Los sindicatos dicen que hay caos organizativo. Pues bien, si eso es cierto, no desmentirían al viceconsejero; al contrario, le estarían dando una posible explicación a los problemas a que él hacía alusión. También dicen que la Comunidad Autónoma carece de competencias para llevar a cabo una política de empleo propia. Esto es más grave, porque de ser cierto, lo que habría que hacer es cerrar Lanbide. Pero estoy seguro de que los sindicatos, en realidad, no querían llegar tan lejos.

Lo que curiosamente nadie pone en cuestión es la creencia, cuya posible base empírica desconozco, de que el desempleo sea susceptible de ser atacado mediante eso que se llama políticas activas. Para que haya empleo tiene que haber actividad económica. Y podría ocurrir que los recursos que se dedican a facilitar el empleo de esa forma, rindan peores resultados que otras actuaciones tendentes a promover la competitividad y proyección exterior de las empresas o, sencillamente, que los que hubieran producido esos mismos recursos si no se hubiesen llegado a recaudar. Sí, como suena: podría ser que ese dinero, en manos de los ciudadanos, generase más actividad económica y, quizás, más empleo que dedicado a mantener un servicio como Lanbide u otro similar.

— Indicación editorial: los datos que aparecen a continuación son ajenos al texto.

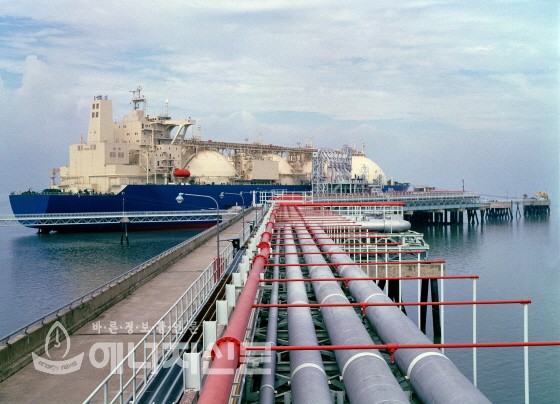 ▲ 한국가스공사가 최근 LNG직수입사의 유형별 체리피킹 사례를 지적했다. (사진은 LNG를 하적하고 잇는 인천LNG기지)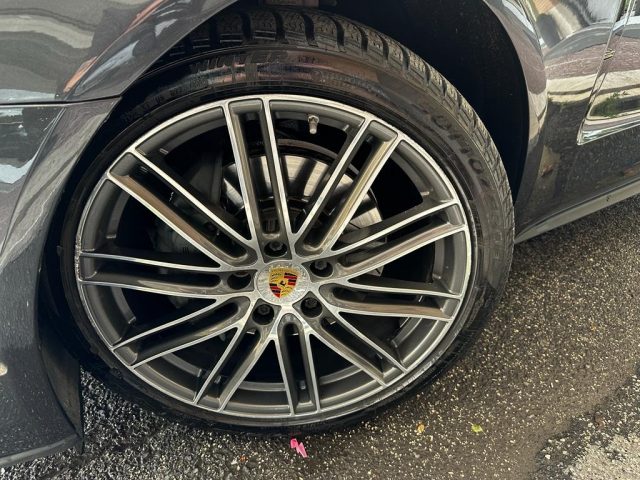 PORSCHE Panamera usata, con Autoradio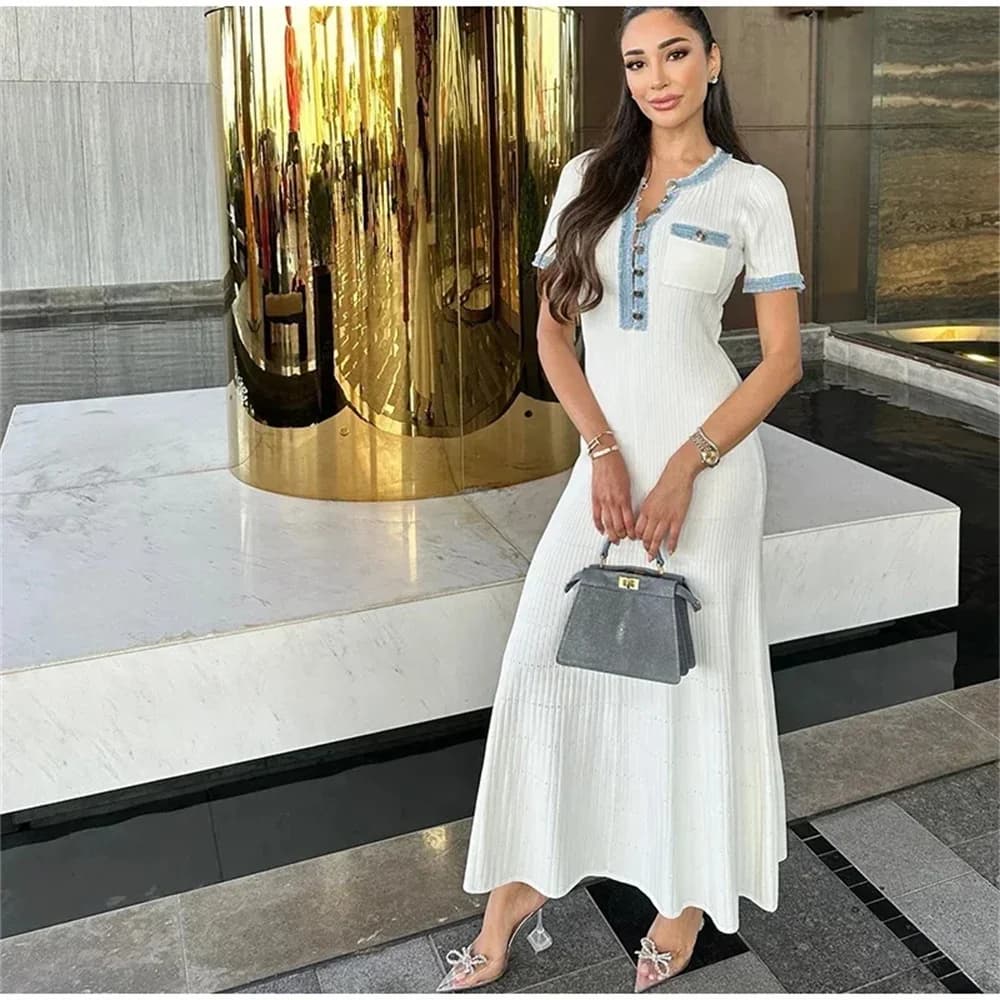 Robe Maxi en tricot pour femmes, élégante, contrastée, Chic, col rond, manches courtes, boutons méta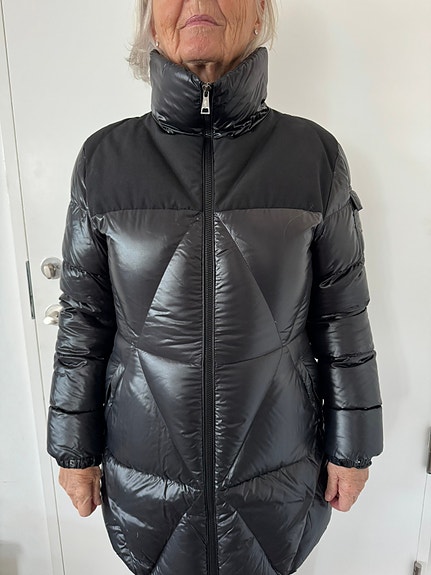 Moncler str m Dametøj Til salg DBA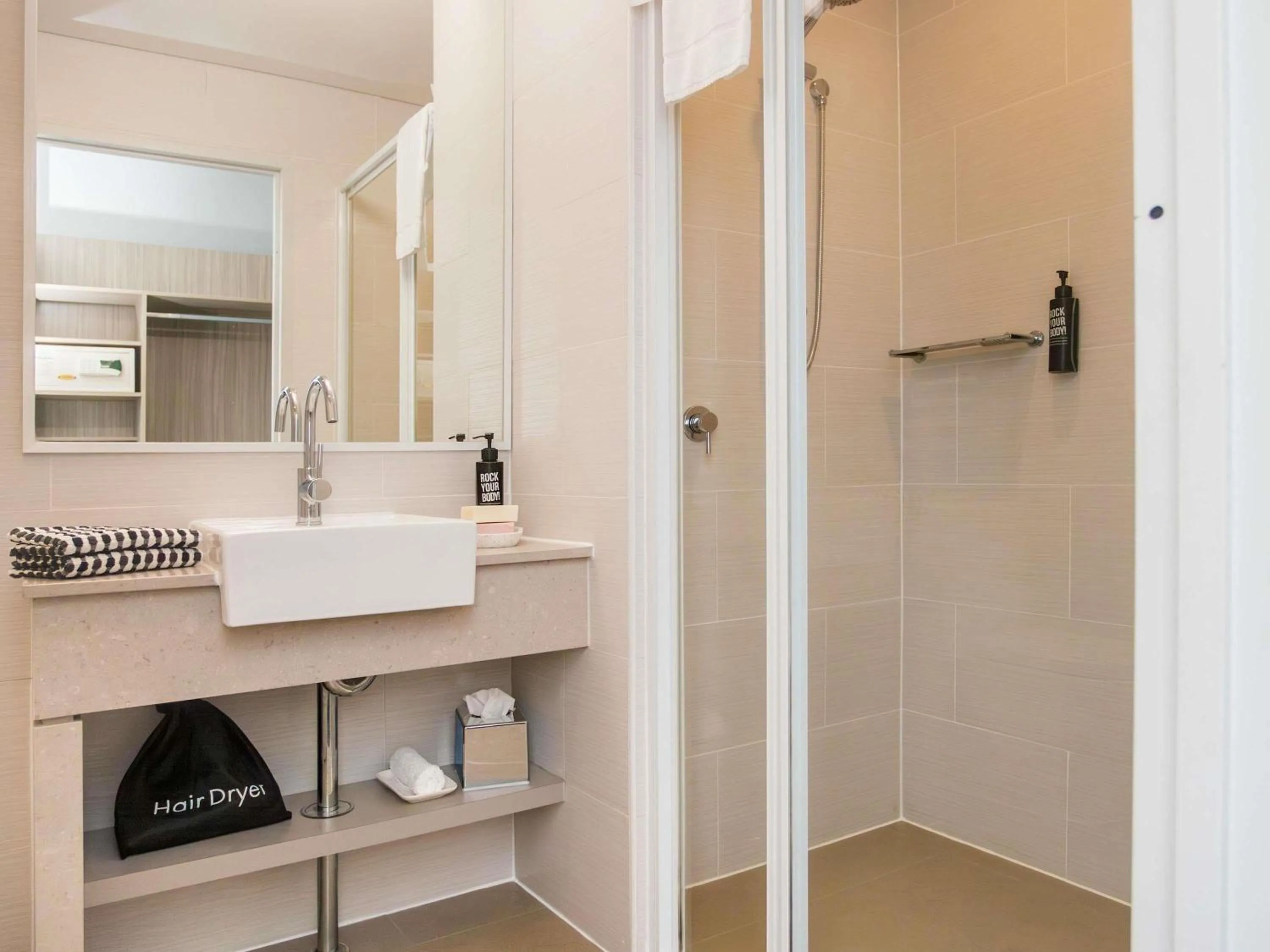 Bedroom in Ibis Styles The Entrance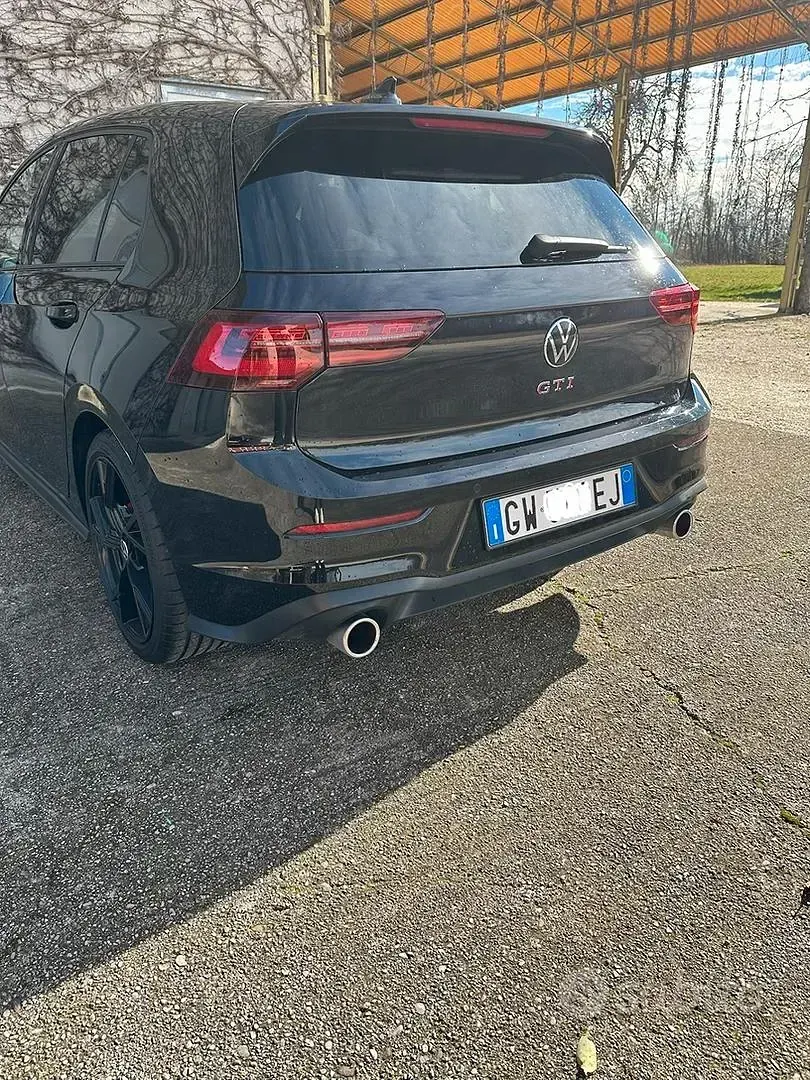 Usata VW Golf VIII GTI 245 CV (180 kW) 2021 Nero Berlina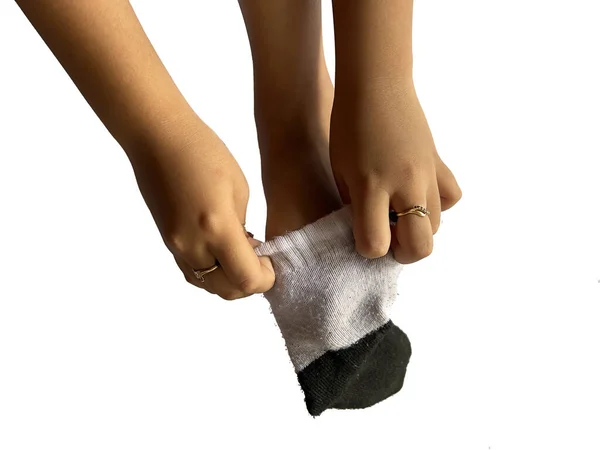 Elleri olan kadın ayakları, beyaz üzerinde izole edilmiş.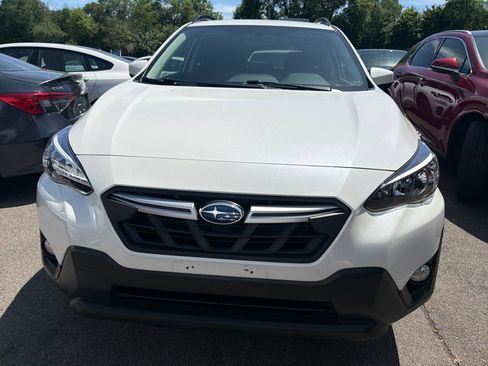 Used 2021 Subaru Crosstrek 2.0i Premium AWD/4WD image 2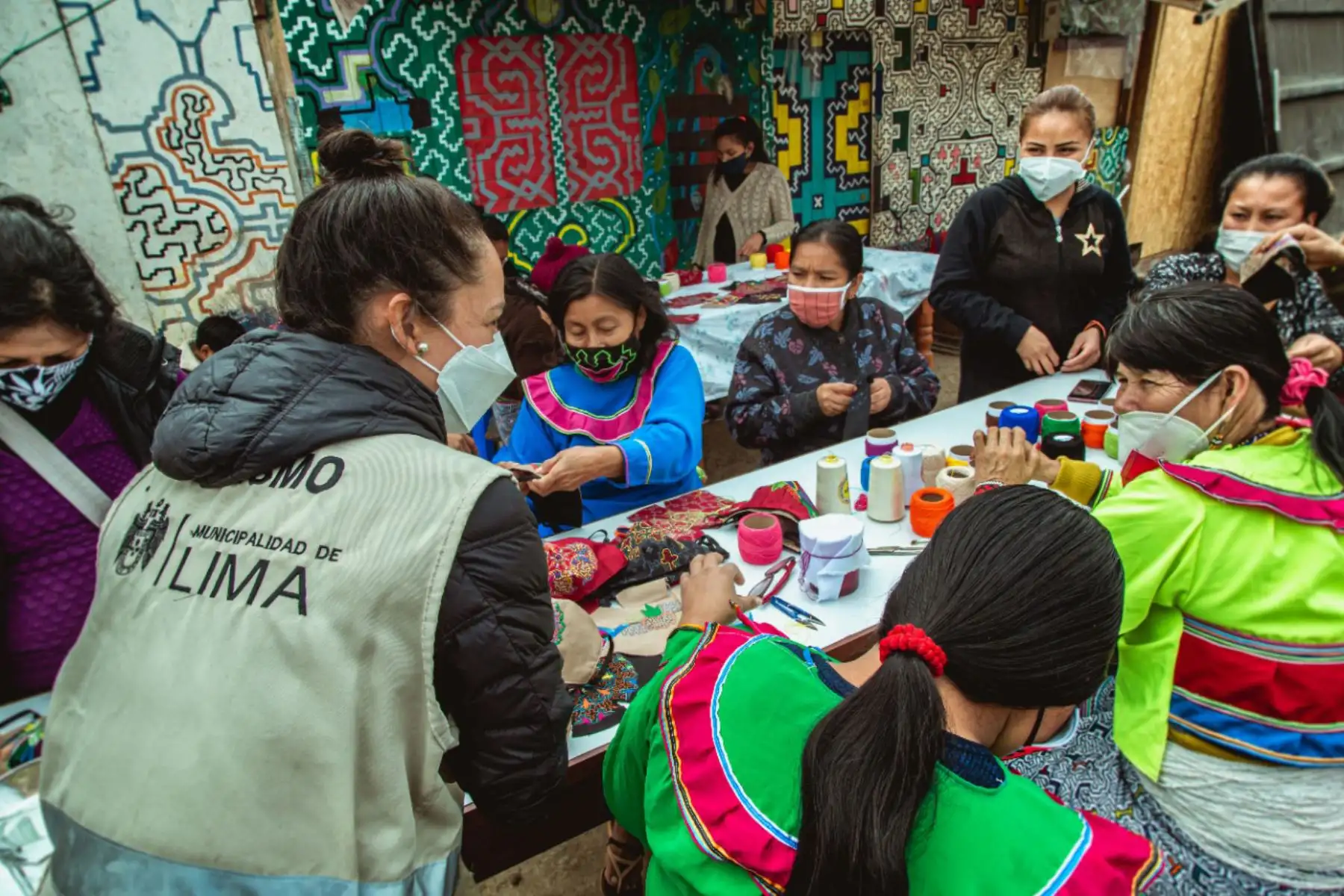 Cada pieza es única. En sus bordados se aprecia la identidad, belleza y esencia del arte ancestral de la comunidad amazónica afincada en Cantagallo. Foto: MML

Habrá quien considere anecdótico este episodio al lado de los grandes dramas de la política de nuestro tiempo. No soy de esa opinión. Este caso pone de relieve algo a lo que concedo cierta importancia, me refiero a la tiranía de lo correcto en la vida pública. Los responsables políticos parecen estar obligados a dar una versión favorable, siempre edulcorada, de la realidad, al menos de la parte de la realidad que les toca gestionar. La parte negativa se les deja a los sindicatos, la oposición o, si acaso, la prensa. Parece como si cada actor en el teatro político-mediático tuviera un papel del que no pudiese salir. Todo ha de obedecer a un guión preestablecido. Damos así por buena una visión acartonada de la política, una versión cómoda quizás para algunos, pero negativa a medio o largo plazo. Deberíamos premiar la espontaneidad de los políticos, agradecer su sinceridad, aplaudir los comportamientos genuinos, reconocer las salidas de guión. Nada de esto es incompatible con el rigor. La política sería más viva, ganaría interés, resultaría más creíble, mucho más atractiva.